7.14 In different parts of the country, and nationally, a variety of good relationships have grown between community education providers and the private sector. These include direct involvement in relevant activities, such as those supported through Scottish Business in the Community. There is, however, no easily accessible record of this relationship and it is too easily assumed that the private sector link only means sponsorship in one form or another. It would be in the interests of both sides to see this rectified.
 
Training
7.15 The shift to a definition of community education as primarily an approach rather than a sector does not suggest the lack of a set of competences which comprise a discrete professional discipline. For the foreseeable future, a core group of staff will be required to provide key local support for the development of community learning, for a variety of employing organisations. Since the 1977 report, Professional Education and Training for Community Education (the Carnegy Report published by HMSO) and the establishment in 1990 of CeVe, a distinct pattern of training in community education up to degree level has emerged. Trained workers are now finding employment in an expanding range of agencies, many of which may not see themselves as specialising in community education. The professional discipline can expect to have both a central focus and pervasive influence.

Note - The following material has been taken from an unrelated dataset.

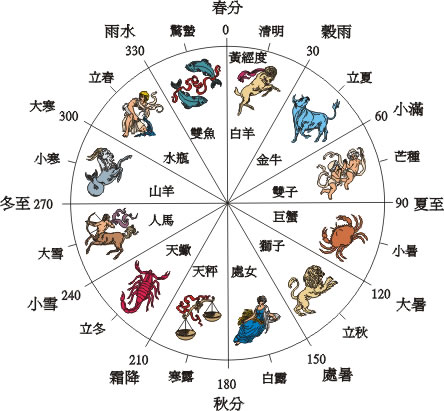 二十四节气和黄道十二宫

7.16 Training is also being established for staff in related fields and other professional bodies are now approaching CeVe to have relevant elements of their training endorsed. While the Group believes that further development of training will be called for by this report, it acknowledges the strong and growing base which training currently provides. A key question for the future of professional training is whether the expectation that competence will be demonstrated in different settings should continue to refer only to adult education, community work or youth work. The logic of this report is that settings in other fields could be of equal relevance. Furthermore, training for other fields which can, or could, include community education competences, should be considered for joint recognition. The present understanding of generic and specialist training may need to be reviewed.
7.17 With regard to qualifications, the Group wishes to see an extension of inclusive and flexible routes into training and recognition. Training should emphasise strongly the fact that there is common ground with related professional groups, reflecting a more collaborative approach to the provision of lifelong learning, and give practical demonstration of this in course structures. This should include fields such as social work and libraries as well as the established references to adult education, community work and youth work. Any consideration of proposals for joint training of school and college staff should be extended to include community education workers.
7.18 Volunteers and part-time staff, whose training needs may or may not coincide, carry much of the responsibility for face-to-face work and the support which they receive will also require review. These are also full-time but unqualified staff whose needs require attention. Given the continuing development of the voluntary sector and volunteering, the impetus given by such innovations as lottery funding and Millennium Volunteers, as well as the changes proposed in this report, there is a strong case for a review of the national support available for training in those parts of the voluntary sector which use community education methods.